Nel cuore della zona mesopelagica, tra i quattrocento e i settecento metri di profondità, dove la luce solare si riduce a un bagliore spettrale di cobalto sempre più diluito nel buio, una costellazione di ctenofori giganti deriva in sospensione nell'acqua oceanica aperta, immobili eppure viventi, come scrittura luminosa impressa nel silenzio. Le loro masse gelatinose — alcune dalle forme ampie e concave come quelle di *Bathocyroe*, altre distese in veli trasparenti dalle estremità delicatamente lobate — sono quasi invisibili, rivelate soltanto dai margini tracciati dalla luce residua che scende dall'alto: linee argentate e fredde che percorrono canali interni, lobi e fasce cigliari in lampi intermittenti, appena prismatici.

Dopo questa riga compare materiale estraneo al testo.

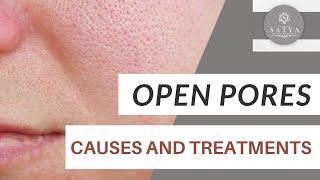 Causes of open pores | How to treat them | Skin Treatment | Satya Skin Clinic Delhi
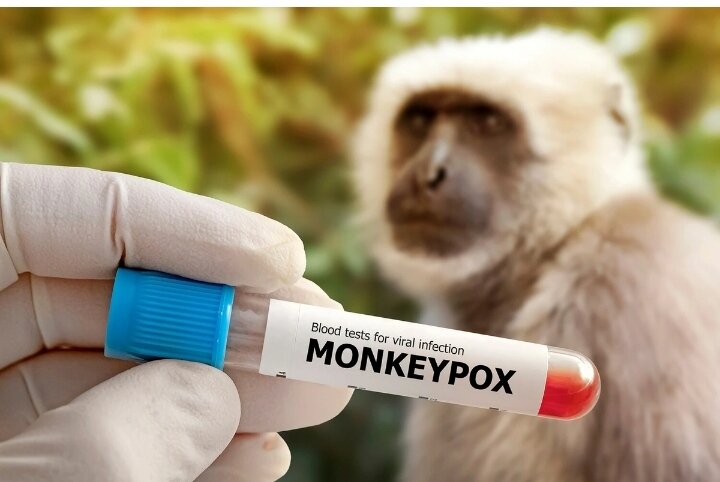 Meymunçiçəyi nəzarətdən çıxır: Afrika epidemiya astanasında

Le file di ciglia vibratili, dette cteni, appaiono e scompaiono come righe spettrali, riflettendo la luce in sequenze fugaci che non sono bioluminescenza ma interferenza ottica, un effetto puramente fisico prodotto dal battito sincronizzato delle piastre ciliari lungo corpi che sono per oltre il novantacinque percento acqua di mare. A queste profondità, la pressione supera i cinquanta atmosfere, la temperatura scende sotto i sei gradi centigradi e l'acqua è stratificata in masse distinte, percorse da neve marina rarefatta che precipita lentamente verso il fondo invisibile: in questo universo di buio, freddo e pressione silenziosa, questi animali esistono senza testimoni, senza storia, nella pienezza di un mondo che non ha mai avuto bisogno di noi.